A confidential clean room utilizes confidential containers to host a set of containers which together load encrypted datasets, execute an ML pipeline, and generate an encrypted model. The clean rooms ensures the following properties:

  • Raw datasets are decrypted only within the confidential clean room.
  • Raw datasets and all intermediate state generated in the clean room remains protected from all entities including the TDC, clean room provider, and the cloud environment.
  • CCRs execute an ML pipeline only in accordance with one or more signed contracts.
  • Any outcomes generated by the confidential clean room are released only after meeting constraints specified in the contracts.
  • The entire clean room environment is fully attestable i.e., capable of generating hardware-based cryptographic attestations that capture the entire training pipeline.
  • After training completes, all sensitive state from the clean room is scrubbed before the clean room is terminates and any assigned resources (such as compute, memory and devices) are released.

Training Workflow

In the DEPA training framework, TDCs employ confidential clean rooms to train their models on datasets based on contracts signed with TDPs and registered with the contract service.

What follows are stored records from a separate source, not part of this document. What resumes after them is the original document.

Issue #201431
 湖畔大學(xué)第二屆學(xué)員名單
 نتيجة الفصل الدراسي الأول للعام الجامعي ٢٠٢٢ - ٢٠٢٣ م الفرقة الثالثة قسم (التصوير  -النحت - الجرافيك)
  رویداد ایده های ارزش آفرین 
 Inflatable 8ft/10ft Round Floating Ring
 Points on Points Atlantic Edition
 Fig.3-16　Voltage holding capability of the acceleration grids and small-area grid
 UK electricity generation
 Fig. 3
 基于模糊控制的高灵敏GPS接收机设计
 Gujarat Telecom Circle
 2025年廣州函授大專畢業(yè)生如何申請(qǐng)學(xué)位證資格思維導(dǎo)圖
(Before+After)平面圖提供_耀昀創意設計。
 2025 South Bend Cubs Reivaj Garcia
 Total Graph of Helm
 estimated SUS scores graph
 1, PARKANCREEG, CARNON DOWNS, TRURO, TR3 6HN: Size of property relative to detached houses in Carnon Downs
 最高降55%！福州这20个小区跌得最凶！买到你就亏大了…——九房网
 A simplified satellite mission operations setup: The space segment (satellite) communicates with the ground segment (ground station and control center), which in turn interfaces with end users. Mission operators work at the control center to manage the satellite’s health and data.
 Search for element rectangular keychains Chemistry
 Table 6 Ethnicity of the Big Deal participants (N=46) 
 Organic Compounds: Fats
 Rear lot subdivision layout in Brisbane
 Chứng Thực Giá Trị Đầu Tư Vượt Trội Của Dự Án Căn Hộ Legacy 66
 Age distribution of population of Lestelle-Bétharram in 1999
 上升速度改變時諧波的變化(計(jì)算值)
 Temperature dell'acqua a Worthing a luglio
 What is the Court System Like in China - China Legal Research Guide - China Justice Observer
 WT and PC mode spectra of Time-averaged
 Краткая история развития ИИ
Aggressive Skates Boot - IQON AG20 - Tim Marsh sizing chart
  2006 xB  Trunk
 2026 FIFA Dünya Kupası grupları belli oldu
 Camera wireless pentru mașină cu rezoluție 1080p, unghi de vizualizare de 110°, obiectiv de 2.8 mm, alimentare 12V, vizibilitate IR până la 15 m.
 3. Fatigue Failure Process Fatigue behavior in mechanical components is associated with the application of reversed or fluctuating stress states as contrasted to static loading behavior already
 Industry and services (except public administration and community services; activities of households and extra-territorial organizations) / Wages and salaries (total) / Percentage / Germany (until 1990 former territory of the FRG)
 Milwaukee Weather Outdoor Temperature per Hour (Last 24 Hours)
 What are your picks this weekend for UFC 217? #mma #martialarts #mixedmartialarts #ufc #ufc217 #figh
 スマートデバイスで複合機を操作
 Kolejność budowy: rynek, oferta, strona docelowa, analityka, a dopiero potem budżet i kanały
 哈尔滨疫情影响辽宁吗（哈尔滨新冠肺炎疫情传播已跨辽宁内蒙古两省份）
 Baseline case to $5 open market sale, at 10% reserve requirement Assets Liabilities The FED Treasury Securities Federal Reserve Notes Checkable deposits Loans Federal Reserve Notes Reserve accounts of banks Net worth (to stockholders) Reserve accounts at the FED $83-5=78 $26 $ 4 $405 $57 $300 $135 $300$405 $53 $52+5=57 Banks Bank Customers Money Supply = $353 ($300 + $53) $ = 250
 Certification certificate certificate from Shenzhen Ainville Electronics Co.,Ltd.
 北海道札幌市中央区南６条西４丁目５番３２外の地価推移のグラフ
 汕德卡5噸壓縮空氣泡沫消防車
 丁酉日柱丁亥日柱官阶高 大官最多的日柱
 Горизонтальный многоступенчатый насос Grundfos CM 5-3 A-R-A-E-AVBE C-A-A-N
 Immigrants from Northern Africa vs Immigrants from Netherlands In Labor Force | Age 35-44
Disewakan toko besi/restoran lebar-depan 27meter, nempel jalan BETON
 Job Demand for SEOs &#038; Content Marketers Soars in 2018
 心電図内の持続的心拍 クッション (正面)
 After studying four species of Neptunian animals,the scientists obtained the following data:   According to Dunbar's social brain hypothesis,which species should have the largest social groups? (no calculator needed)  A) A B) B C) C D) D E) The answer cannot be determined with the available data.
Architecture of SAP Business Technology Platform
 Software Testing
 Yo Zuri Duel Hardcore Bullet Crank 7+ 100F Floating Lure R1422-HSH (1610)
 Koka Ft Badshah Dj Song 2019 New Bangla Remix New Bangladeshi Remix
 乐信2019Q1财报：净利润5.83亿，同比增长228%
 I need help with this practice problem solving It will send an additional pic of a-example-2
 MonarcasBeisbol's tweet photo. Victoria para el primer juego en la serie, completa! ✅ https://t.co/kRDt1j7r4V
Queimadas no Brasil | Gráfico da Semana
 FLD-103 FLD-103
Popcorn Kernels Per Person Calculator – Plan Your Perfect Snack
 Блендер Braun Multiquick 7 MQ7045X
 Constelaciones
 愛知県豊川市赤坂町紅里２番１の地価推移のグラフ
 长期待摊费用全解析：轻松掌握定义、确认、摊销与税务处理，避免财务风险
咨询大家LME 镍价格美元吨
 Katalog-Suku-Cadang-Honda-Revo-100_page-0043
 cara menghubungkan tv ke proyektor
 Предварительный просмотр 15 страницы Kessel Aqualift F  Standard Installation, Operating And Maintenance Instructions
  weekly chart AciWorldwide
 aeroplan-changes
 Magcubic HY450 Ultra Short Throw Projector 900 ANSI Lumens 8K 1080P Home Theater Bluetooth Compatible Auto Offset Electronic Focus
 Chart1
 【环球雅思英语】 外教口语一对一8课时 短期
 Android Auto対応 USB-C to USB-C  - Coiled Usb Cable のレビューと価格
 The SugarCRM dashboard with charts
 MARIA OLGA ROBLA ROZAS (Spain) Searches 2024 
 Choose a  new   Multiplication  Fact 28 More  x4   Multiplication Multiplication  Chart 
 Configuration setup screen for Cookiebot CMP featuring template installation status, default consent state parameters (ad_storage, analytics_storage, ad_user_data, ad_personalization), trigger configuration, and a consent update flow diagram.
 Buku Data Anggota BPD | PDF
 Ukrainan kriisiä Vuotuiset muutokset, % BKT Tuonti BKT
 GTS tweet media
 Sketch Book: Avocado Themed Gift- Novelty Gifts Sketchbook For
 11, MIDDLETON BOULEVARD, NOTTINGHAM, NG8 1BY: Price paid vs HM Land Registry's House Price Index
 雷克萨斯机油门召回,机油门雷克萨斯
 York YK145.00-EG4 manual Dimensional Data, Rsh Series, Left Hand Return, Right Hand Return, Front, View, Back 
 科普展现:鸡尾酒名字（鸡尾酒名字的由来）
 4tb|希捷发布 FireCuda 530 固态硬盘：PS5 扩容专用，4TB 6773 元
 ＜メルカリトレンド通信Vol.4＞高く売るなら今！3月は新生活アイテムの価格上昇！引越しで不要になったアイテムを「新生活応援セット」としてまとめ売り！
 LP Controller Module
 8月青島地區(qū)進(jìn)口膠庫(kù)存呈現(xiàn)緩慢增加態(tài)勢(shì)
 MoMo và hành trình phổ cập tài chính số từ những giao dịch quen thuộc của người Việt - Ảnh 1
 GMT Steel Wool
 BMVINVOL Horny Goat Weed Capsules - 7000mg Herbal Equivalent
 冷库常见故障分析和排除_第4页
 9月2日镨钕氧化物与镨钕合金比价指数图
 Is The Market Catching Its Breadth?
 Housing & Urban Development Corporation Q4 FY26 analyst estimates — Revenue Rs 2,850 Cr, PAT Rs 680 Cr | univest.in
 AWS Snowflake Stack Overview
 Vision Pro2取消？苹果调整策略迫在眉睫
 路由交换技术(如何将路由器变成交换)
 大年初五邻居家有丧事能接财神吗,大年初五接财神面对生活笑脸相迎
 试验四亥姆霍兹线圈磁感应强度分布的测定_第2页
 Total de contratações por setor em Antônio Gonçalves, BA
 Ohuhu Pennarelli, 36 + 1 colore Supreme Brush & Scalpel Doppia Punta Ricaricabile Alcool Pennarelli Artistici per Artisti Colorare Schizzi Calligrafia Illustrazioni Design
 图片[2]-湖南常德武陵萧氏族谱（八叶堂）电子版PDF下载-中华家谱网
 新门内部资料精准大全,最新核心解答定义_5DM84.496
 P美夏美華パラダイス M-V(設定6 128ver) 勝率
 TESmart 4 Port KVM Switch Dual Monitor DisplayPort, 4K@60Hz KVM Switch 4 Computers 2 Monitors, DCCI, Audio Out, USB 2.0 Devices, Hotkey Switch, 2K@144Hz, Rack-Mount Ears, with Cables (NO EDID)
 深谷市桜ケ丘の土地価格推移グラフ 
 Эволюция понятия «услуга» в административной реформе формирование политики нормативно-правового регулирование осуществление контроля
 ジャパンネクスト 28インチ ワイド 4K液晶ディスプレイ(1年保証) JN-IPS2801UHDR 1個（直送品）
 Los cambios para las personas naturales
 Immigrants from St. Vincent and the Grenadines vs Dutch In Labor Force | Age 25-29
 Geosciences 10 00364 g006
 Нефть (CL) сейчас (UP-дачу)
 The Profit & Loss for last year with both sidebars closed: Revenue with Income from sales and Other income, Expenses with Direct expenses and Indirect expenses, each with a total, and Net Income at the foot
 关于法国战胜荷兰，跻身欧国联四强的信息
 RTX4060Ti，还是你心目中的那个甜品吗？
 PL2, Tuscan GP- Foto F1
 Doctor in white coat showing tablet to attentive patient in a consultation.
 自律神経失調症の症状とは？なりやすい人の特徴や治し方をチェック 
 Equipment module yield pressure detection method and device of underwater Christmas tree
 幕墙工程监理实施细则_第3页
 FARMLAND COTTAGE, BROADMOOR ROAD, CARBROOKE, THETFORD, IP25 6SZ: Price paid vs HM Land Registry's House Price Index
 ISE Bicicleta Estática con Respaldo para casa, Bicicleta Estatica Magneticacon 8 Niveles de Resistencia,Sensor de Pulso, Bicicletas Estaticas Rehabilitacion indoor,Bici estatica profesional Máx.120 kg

The overall training workflow is as follows.

  • TDC provides the CCR provider with a description of the model they wish to train, including signed contracts permitting the TDC to access the datasets required for training.

  • In preparation for the training job, the CCR provider may download and cache encrypted datasets into their own local storage. This is purely for efficiency as the CCR provider will not be able to decrypt the datasets.

  • CCR provider creates a confidential clean room using SRO certified code.

  • During launch, the CCR verifies authenticity and validity of contracts. The CCR terminates if any of the provided contracts are not correctly signed (e.g., if the identities of the signers have expired) or no longer valid (e.g., have been revoked).

  • CCR use a key release protocol to obtain data and model encryption keys from key management services hosted by TDPs. As part of the key release protocol, CCR SHOULD provide attestation evidence to the key management service. Evidence MAY include raw attestation reports along with certificates issued by the hardware manufacturer OR attestation tokens issued by an attestation service.

  • Key management services independently verify evidence against key release policies configured by the TDP, perform additional book keeping (such as track privacy budgets), and release data encryption keys securely to the CCR.

  • CCR uses encryption keys to decrypt the datasets and model. The CCR ensures that decrypted models and datasets are appropriately protected from the hosting platform, including the CCR provider.

  • The datasets may be pre-processed within the CCR e.g., aggregate or join as long as the operations are permitted by contracts.

  • The CCR loads the model and trains the model on the pre-processed dataset as per the model configuration. The CCR may partition the dataset into train and test dataset as per TDC requirements. Training must meet all constraints specified in the respective contracts. For example, CCR must use certified training algorithm to inject appropriate noise in the model weights so as to stay within the privacy budget allocated for each dataset.

  • During the training process, the CCR may notify the contract service.

  • After training is complete, the CCR makes the trained model available to the TDC along with metrics such as loss and accuracy on the validation dataset.